Many IIoT devices need to have maintenance or updates done manually, which may not be possible with the staff using them.
Follow recommended industrial IoT security practices
Certain cybersecurity goals should be part of every IIoT installation. First, organizations must use securable IIoT devices and systems. IoT teams must configure devices to prevent them from being used as part of an attack, such as distributed denial of service (DDoS), data exfiltration or modification of device settings.
Organizations should also establish data security controls. They must protect the confidentiality, integrity and availability of all data collected and processed by, stored on, or transmitted to or from IIoT technology. Lack of data integrity and inconsistency within deployments are particularly inherent risks of IIoT. Each organization implementing IIoT devices must have security capabilities within the following domains:
- Administrative and operational security controls. These are people-based actions necessary to ensure effective IIoT deployment security. The controls include actions necessary to manage the selection, development, implementation and maintenance of devices. Security measures must protect IIoT data and device functions and manage the workforce using IIoT devices. Some measures include IIoT security control settings documentation, policies and procedures, device secure-use training or performing IIoT risk assessments.
- Technical security. These are the technology-based components necessary to ensure effective IIoT security and protect the technological elements that are part of the IIoT system, such as cloud services or supply chains. This includes controls such as IIoT device authentication using multifactor authentication, encryption, secure boot and device identification techniques.
- Physical security.
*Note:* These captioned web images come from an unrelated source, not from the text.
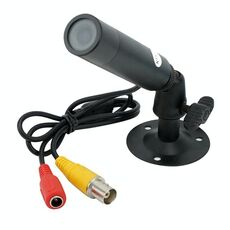 Mini telecamera impermeabile 1/3 CMOS a colori 380TVL (nera)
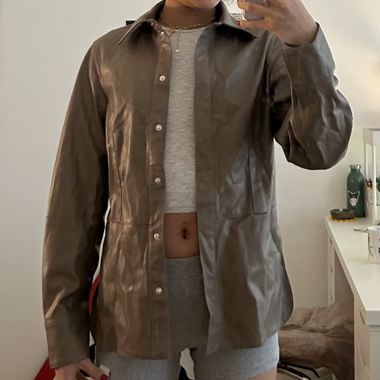 Leather jacket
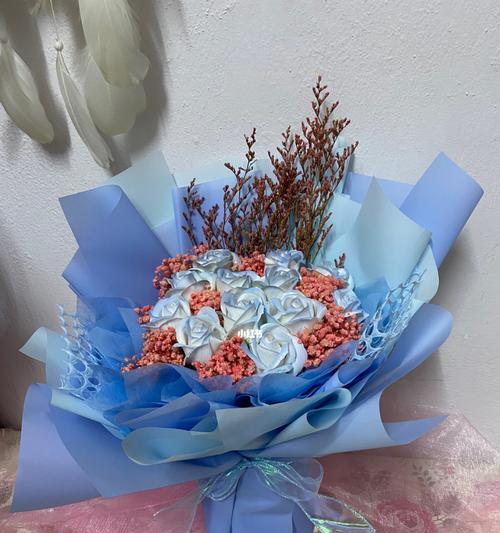 蓝色香皂手捧花代表什么意义？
Physical measures and tools protect IIoT devices and all the hardware for associated servers, controllers, display screens, input and output devices, and the facilities that constitute the IIoT environment. Organizations must establish facility and IIoT device vicinity access controls that permit only authorized use and access to proprietary data and limit the ability to make modifications to the IIoT device and system controls. Examples include securing access to memory cards, disabling unnecessary USB ports, allowing only authorized entities to view IIoT readout screens, and controlling physical access to IIoT devices and related hardware.
Without the full set of controls in all three categories, IIoT devices and systems will not be secure.
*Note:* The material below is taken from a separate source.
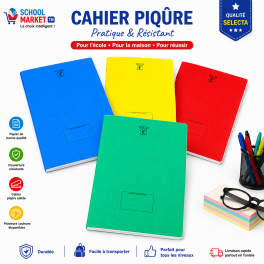 cahier brochure 300 pages plastifié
Specific IIOT security issues for IT admins
IT admins need to incorporate IIoT devices, controllers and supporting systems within their overall network administration plan. This includes testing and risk management activities, risk assessments, vulnerability assessments, penetration testing, backup and recovery, security training for all who use IIoT devices, and the full range of other security activities needed in a comprehensive security program.
IT admins need to make sure basic security practices are implemented and followed. The NIST Framework for Improving Critical Infrastructure Cybersecurity Version 1.1, more commonly called the Cybersecurity Framework (CSF), is used by a significantly large portion of organizations throughout industries worldwide. Organizations may also consider other frameworks, such as ISO, the Industrial Internet Consortium's Industrial Internet Security Framework or ISA99 Industrial Automation and Control Systems Security.
Organizations can customize and use seven CSF categories to organize and adjust their security strategy and expand security controls to include IIoT devices, systems, applications and clouds:
- asset management;
- business environment;
- risk assessment;
- risk management strategy;
- supply chain risk management; and
- information protection processes and procedures.